Copy out the entries below exactly as they stand, but only from the line containing "Photos de bites : Bite chic" through the line containing "Parlament Europejski chce".

> **MATERIAL FOR THE TASK**:
■ ■ ■ ■

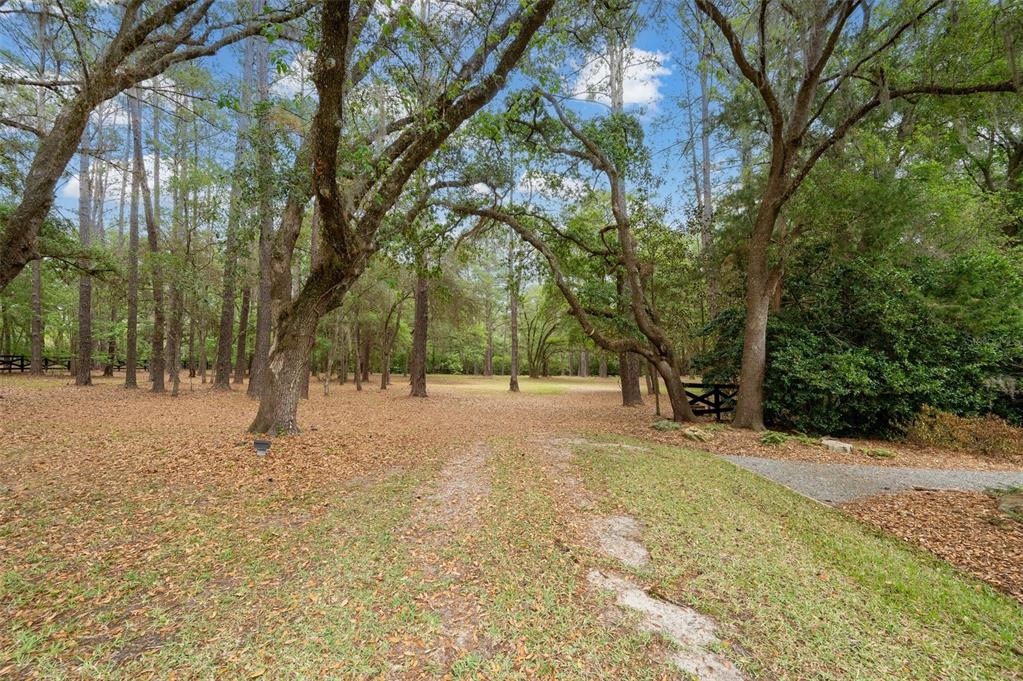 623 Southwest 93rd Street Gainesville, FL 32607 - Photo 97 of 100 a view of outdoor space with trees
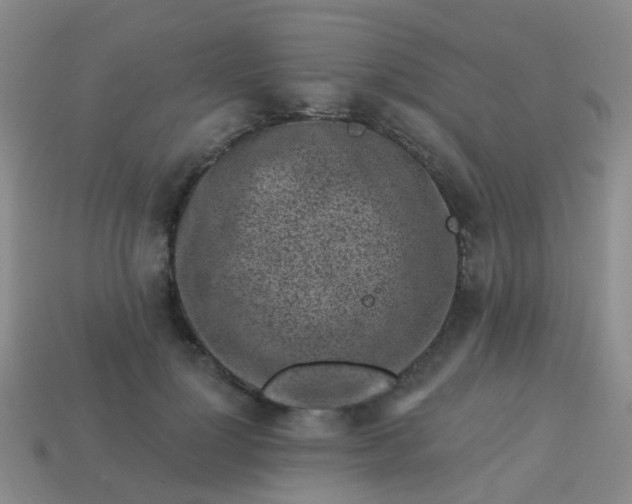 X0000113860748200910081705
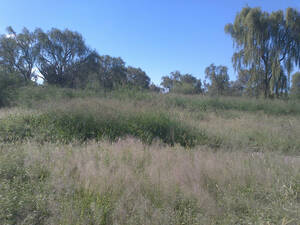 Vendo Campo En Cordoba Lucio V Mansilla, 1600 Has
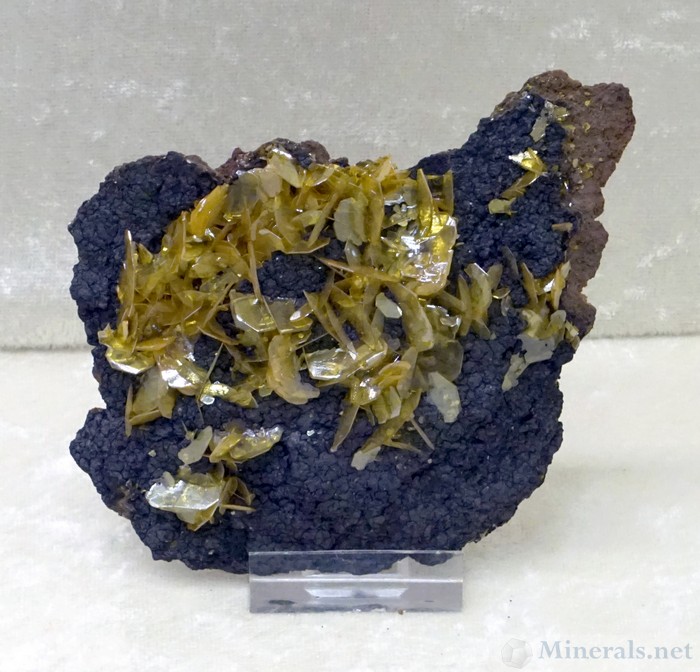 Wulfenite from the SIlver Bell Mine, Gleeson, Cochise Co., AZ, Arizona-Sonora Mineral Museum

■ ■ ■ ■

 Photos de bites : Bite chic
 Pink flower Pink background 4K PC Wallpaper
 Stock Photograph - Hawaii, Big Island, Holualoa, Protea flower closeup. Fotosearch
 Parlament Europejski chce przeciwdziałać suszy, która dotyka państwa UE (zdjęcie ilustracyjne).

■ ■ ■ ■

> **TASK SOLUTION**:
 Photos de bites : Bite chic
 Pink flower Pink background 4K PC Wallpaper
 Stock Photograph - Hawaii, Big Island, Holualoa, Protea flower closeup. Fotosearch
 Parlament Europejski chce przeciwdziałać suszy, która dotyka państwa UE (zdjęcie ilustracyjne).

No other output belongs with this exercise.